Pay gap freeze around the globe
Solution: facilitate childrearing tasks
Frozen in Time, gender pay gap unchanged for 10 years, March 2012, is the apt title of a report covering trends in gender pay relations, since the beginning of the millenium. In search for an explanation of this big pay gap freeze across the globe, researchers from the University of Amsterdam found Wage Indicator data most helpful. Other than the aggregate data provided by national statistical offices and international public sources, the Wage Indicator data allows for a breakdown of labour market behaviour of working individuals in motivating and/or inhibiting factors.
Individual´s
motives and possibilities to participate in the labour market may and do vary
per occupation, industry, composition of the household, education, firm size
etc. Taking these variables into account researchers analyze that in most
countries child rearing is much more detrimental to women´s wages than to men´s
wages, thereby contributing to the gender pay gap.
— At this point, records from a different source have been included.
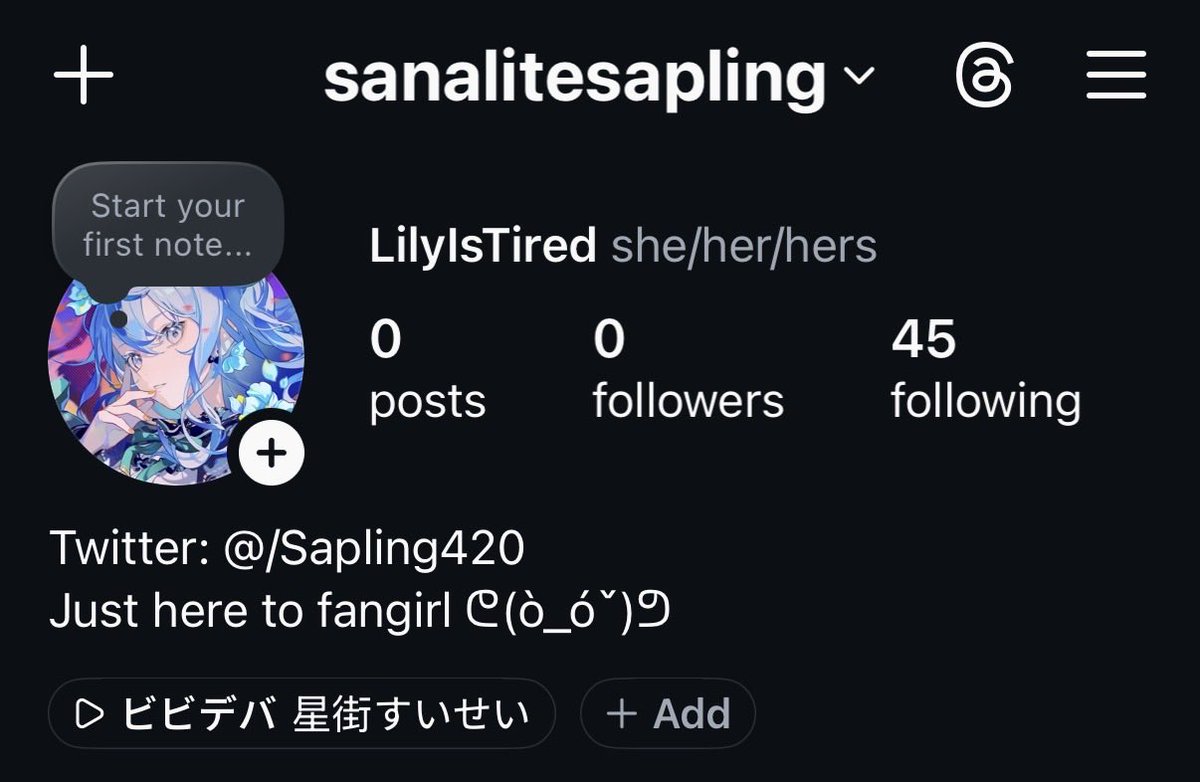 LilyIsTired tweet media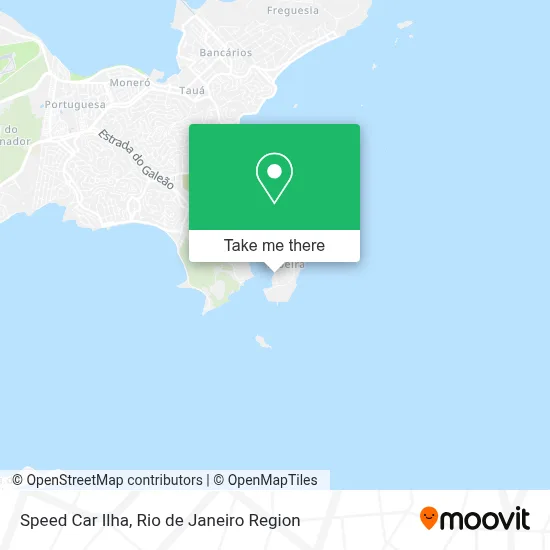 Speed Car Ilha map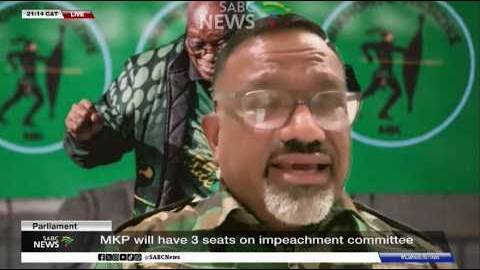 Impeachment Panel | MK Party will have 3 seats: Visvin Reddy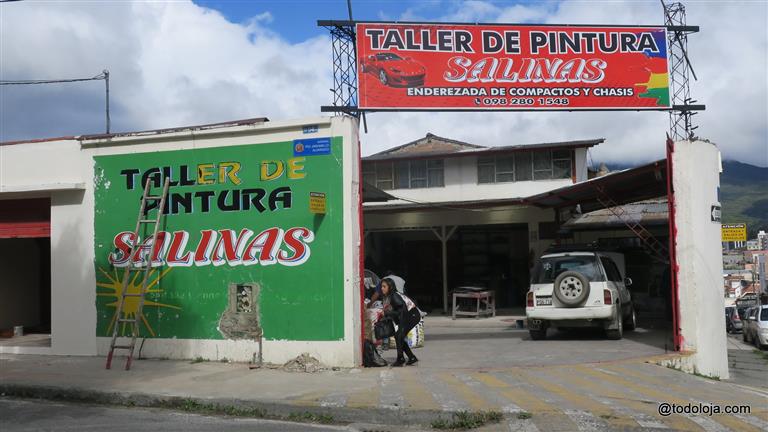 Salinas Car Painting in Loja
This conclusion is followed
up by the obvious implication of what might be one of the strongest factors
perpetuating the traditional gender pay gap well into the 21rst century.
The
researchers´ observe that: any
policies to facilitate childrearing tasks for both men and women will decrease
the gender pay gap.
The report ´Frozen in Time´ has been compiled for the ITUC, the International Trade Union Federation, and is published at the occasion of Women´s Day March 8.